-- Task details --
There is a line containing "Casa de campo" in the records below. Repeat it and every line after it, exactly, through the final line, but no pictures.

-- Given entries --
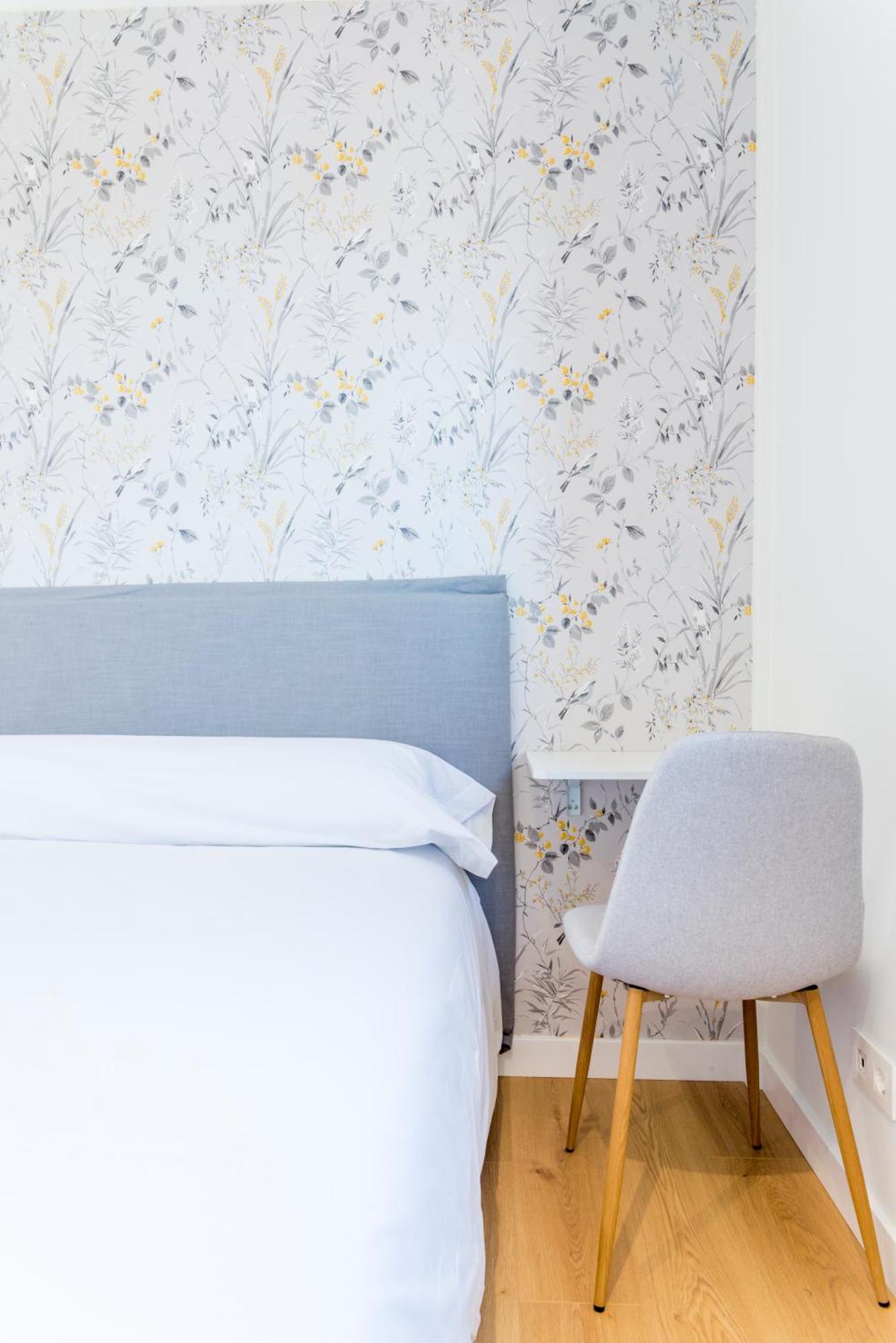 Pakeleku Apartment San Sebastian Ngoại thất bức ảnh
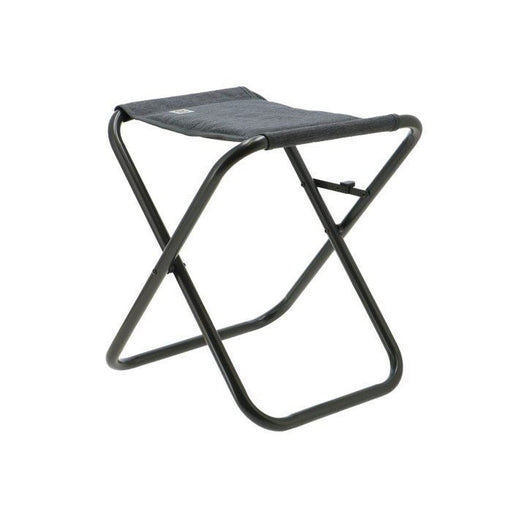 Travellife Lago Stool Stormy Grey | UK Camping and Leisure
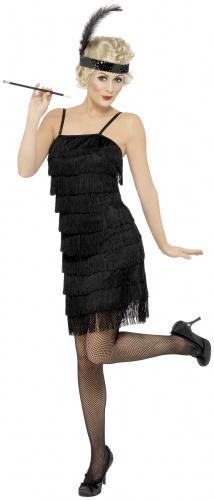 Déguisement charleston femme Taille M Déguisement charleston femme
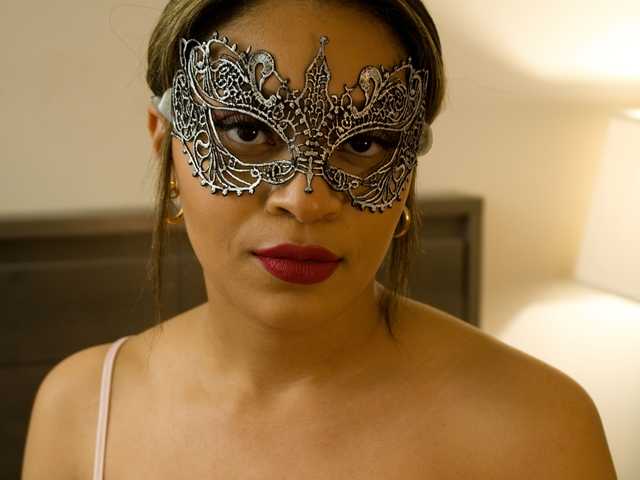 Foto do perfil Rose-Tease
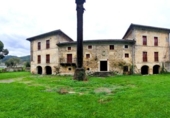 Casa de campo con terreno en venta en la España, Rioseco, ref: TR380792 foto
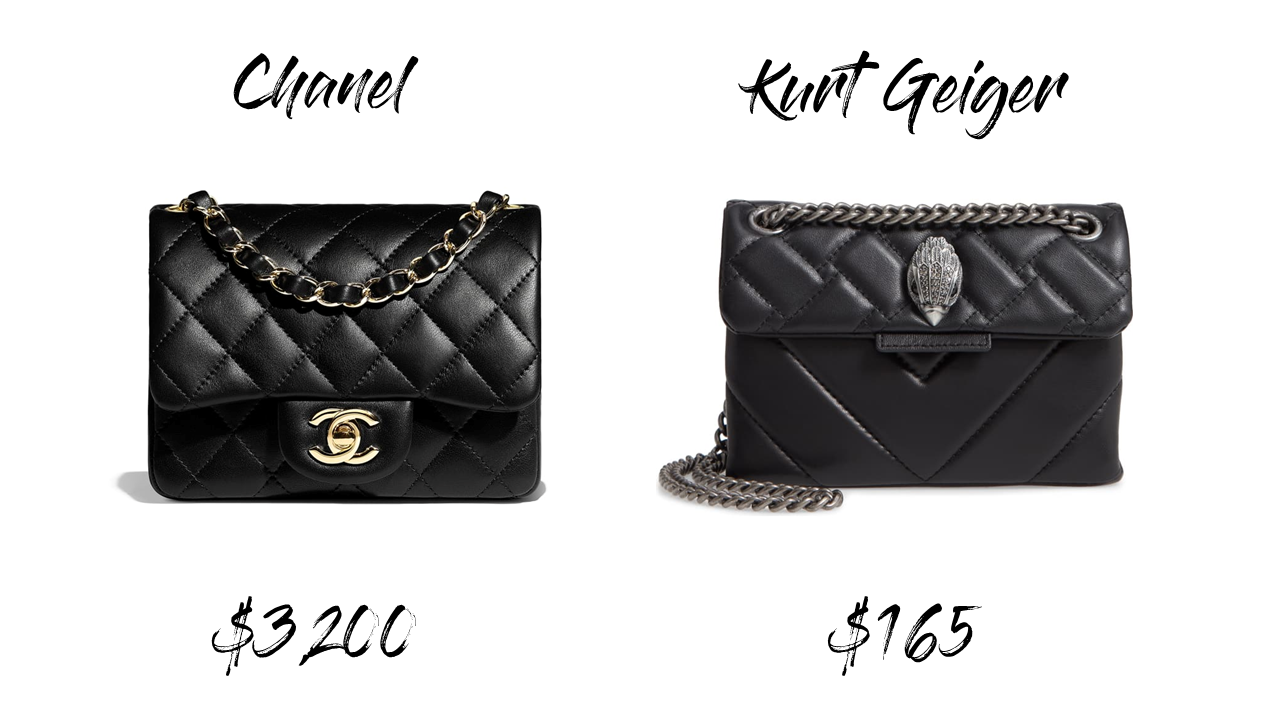 Dupe bags 2020 sale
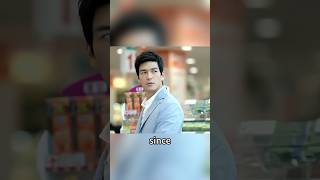 CEO chooses mistress, meets again, ex-wife has a child#movie #drama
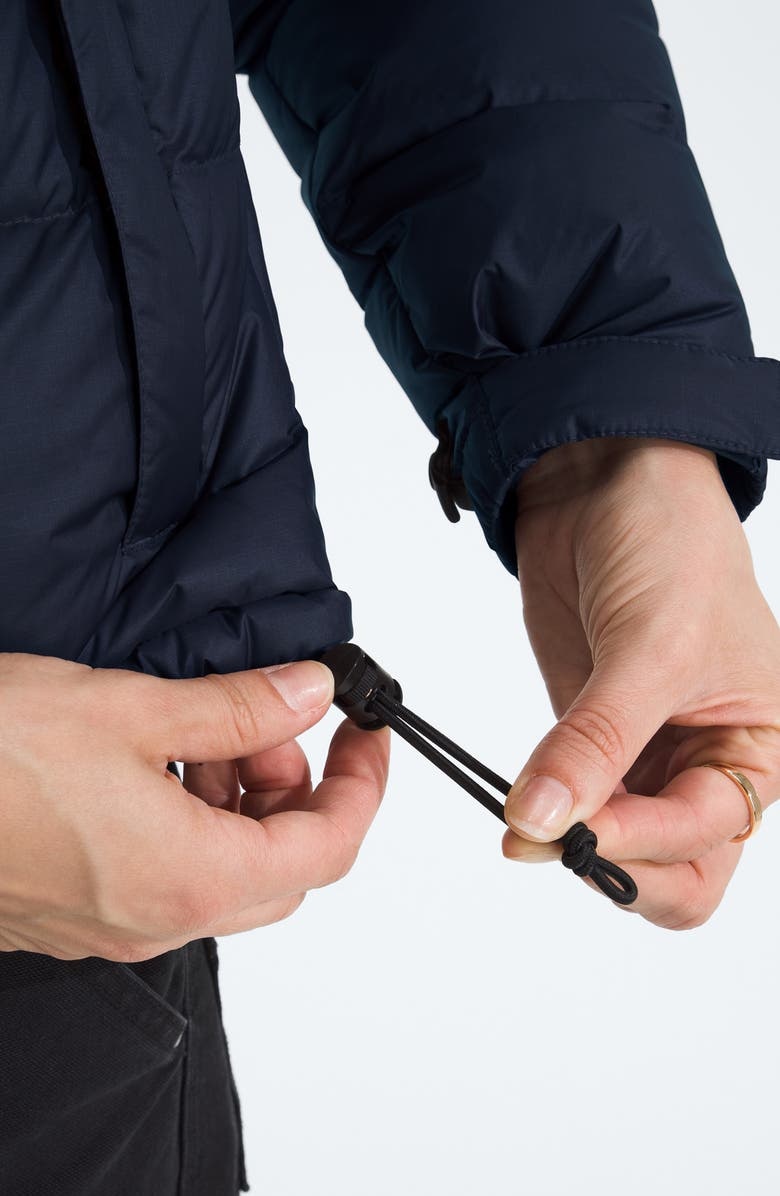 THE NORthtTH FACE 1996 Women's Packable Quilted 700 Fill Power Down Jacket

-- Task answer --
 Casa de campo con terreno en venta en la España, Rioseco, ref: TR380792 foto
 Dupe bags 2020 sale
 CEO chooses mistress, meets again, ex-wife has a child#movie #drama
 THE NORthtTH FACE 1996 Women's Packable Quilted 700 Fill Power Down Jacket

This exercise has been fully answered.